O estudo de Makiko foi fruto de uma parceria entre o Inpa e a Universidade de Kyoto, com financiamento do Programa de Pós-Graduação em Primatologia e Ciência da Vida Selvagem, Universidade de Kyoto, Japão, e pela Sociedade Japonesa para a Promoção da Ciência (JSPS).
O pesquisador Wilson Spironello, orientador no Inpa por parte do Brasil, diz que a pesquisa ressalta a importância da cooperação internacional no âmbito de novas descobertas. “As colaborações internacionais são muito importantes porque é uma troca mútua de conhecimento e facilita o intercâmbio de alunos de um país para outro”, pontua
Makiko participou inicialmente como estudante do Projeto Museu na Floresta, onde se encantou pela diversidade de primatas da região. “Eu sempre admirei o parauacu por sua beleza e comportamento fascinante. Ele foi o foco ideal para meu estudo acadêmico”, comenta. “Eu só tenho a agradecer aos meus orientadores por seus apoios contínuos e pacientes, ao Projeto Museu na Floresta, ao Inpa e aos tratadores que sempre me auxiliaram e faziam companhia”, agradece.
Além do trabalho científico, Makiko desenvolveu um aplicativo voltado para a educação ambiental, o Projeto Making Biodiversity the Norm. “Quero que as pessoas de Manaus conheçam as vidas maravilhosas que existem aqui e entendam a importância de preservar esses fragmentos florestais. Esse aplicativo é uma maneira de conectar ciência e sociedade”, conclui.
Vera Silva, pesquisadora do Inpa e uma das coordenadoras do Projeto Museu na Floresta diz que o projeto foi uma cooperação entre o Brasil e o Japão, com apoio financeiro da Agência de Cooperação Internacional do Japão (JICA) e universidades japonesas, como a Universidade de Kyoto e o Wildlife Research Center (Centro de Estudos de Vida Selvagem do Japão), coordenado pelo professor Shiro Koshima.
“Essa iniciativa foi muito importante porque permitiu várias colaborações, várias trocas de experiência e, principalmente, a formação de recursos humanos, tanto do lado do Brasil como do lado japonês, em técnicas em estudos de biodiversidade e de estudos visando a proteção da Amazônia”, comenta.
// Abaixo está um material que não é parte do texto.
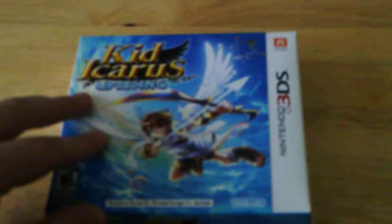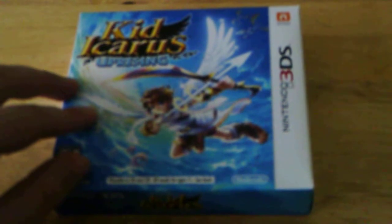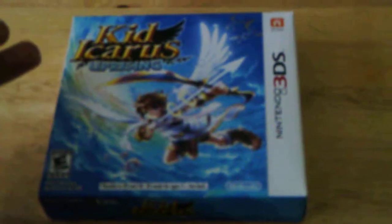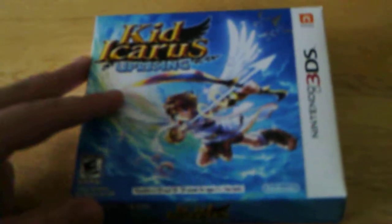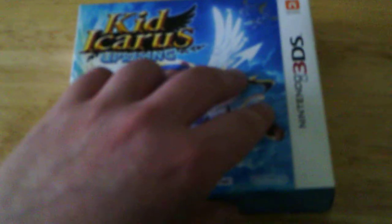I figured, since I just picked this up the other day, I thought I should do an unboxing for Kid Icarus Uprising, because this has probably the most nightmarish packaging I think I've ever seen. But it has some interesting stuff in it, and it is a good game, but it's a bit of an awkward package overall.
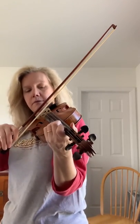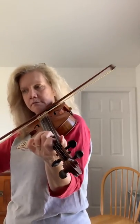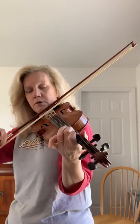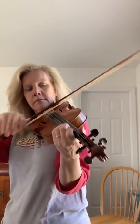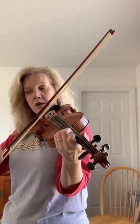1, 2, ready, go. [Performance with rest counting:] 3, 4, 1, 2, ready, go. 1, 2, ready, go. 1, 2, ready, go. 2, ready, go. 1. 3, 2, ready, go. 1, 2, ready, go. 1. 2, ready, go.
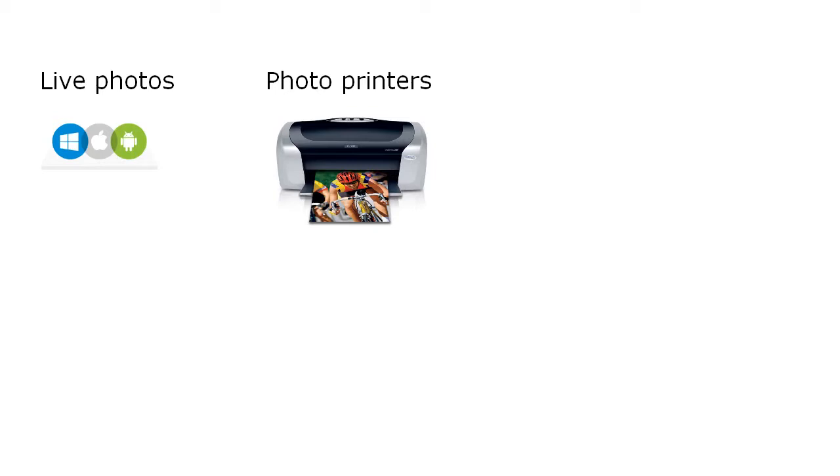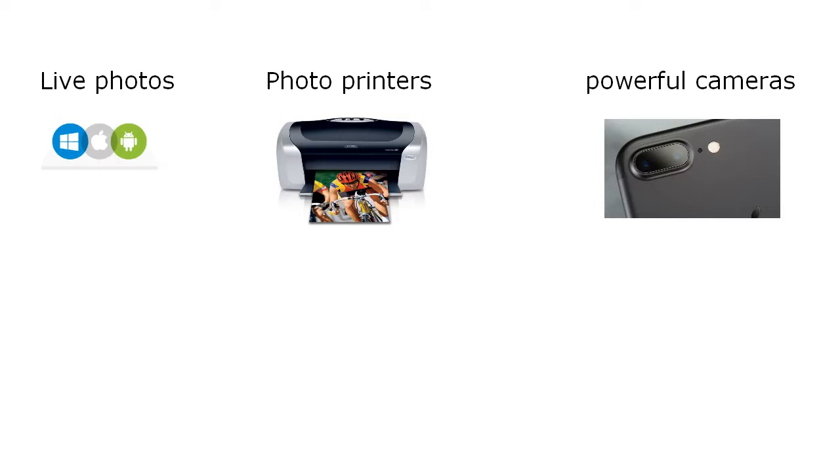This was the inspiration for my idea. Now we have all the ingredients for using sound spectrograms instead of a magnetic strip. We have live photo applications on our platforms and good quality photo printers, and the cameras of the smartphone can capture all details of the spectrogram.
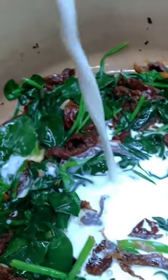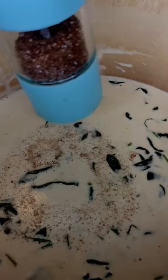For the sauce, I used some sun-dried tomatoes, spinach, garlic, and heavy whipping cream, and I brought all that to a boil, adding a little bit of pecorino romano with the pasta and some grape tomatoes. I seasoned that with some more smoked apple salt.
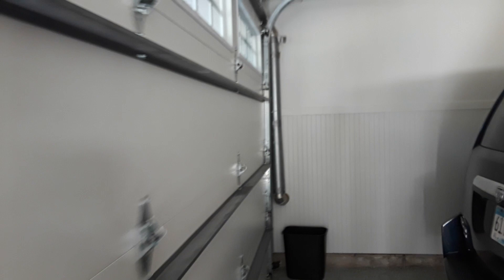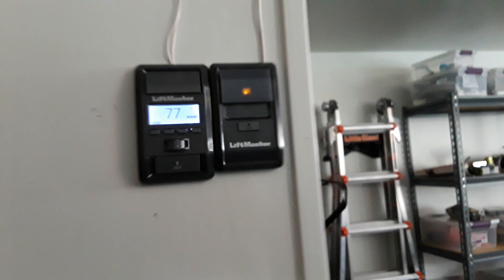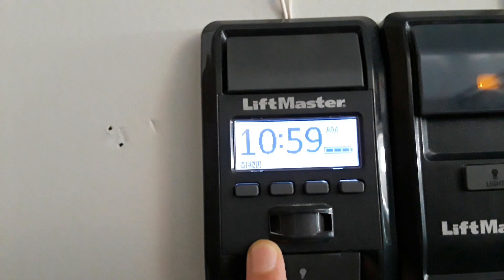Wall buttons are over here. If you have one of these that has the screen on it, this is a little bit different than what I'm going to go over in this video. If you have one of these, you'll flip up the cover and you'll see learn and lock, and you might have other stuff — you might have a motion sensor and some other buttons.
A cooperação permitiu 15 estudantes brasileiros, vinculados aos cursos de pós-graduação do Inpa, terem a experiência de estudar no Japão, uma experiência internacional em áreas de campo de biodiversidade do Japão. Além da oportunidade de conviver com colegas de outras nacionalidades, como da Malásia, da Índia e do próprio Japão.
“Eu acho que esse grupo que veio, japonês para o Brasil, e o grupo que foi do Brasil para o Japão, cria uma ligação que vai permitir futuras colaborações, cooperações e são pessoas que se interagem até hoje e vão se apoiar em diferentes momentos em relação às suas pesquisas e aos estudos da Amazônia”, frisa.
O Museu da Floresta possibilitou a construção de uma base de pesquisa e a renovação de estruturas do Inpa, que não eram reformadas há mais de 40 anos, e viabilizou melhorias na torre da ZF-2, localizada no quilômetro 14. Diversas ações foram realizadas no Bosque, incluindo a reforma da Casa da Ciência, que apresenta o formato atual. “Essas iniciativas foram de grande importância para a instituição, para o Inpa e para a Amazônia, sendo todas elas desenvolvidas e apoiadas por meio do Museu da Floresta”, pontua a pesquisadora.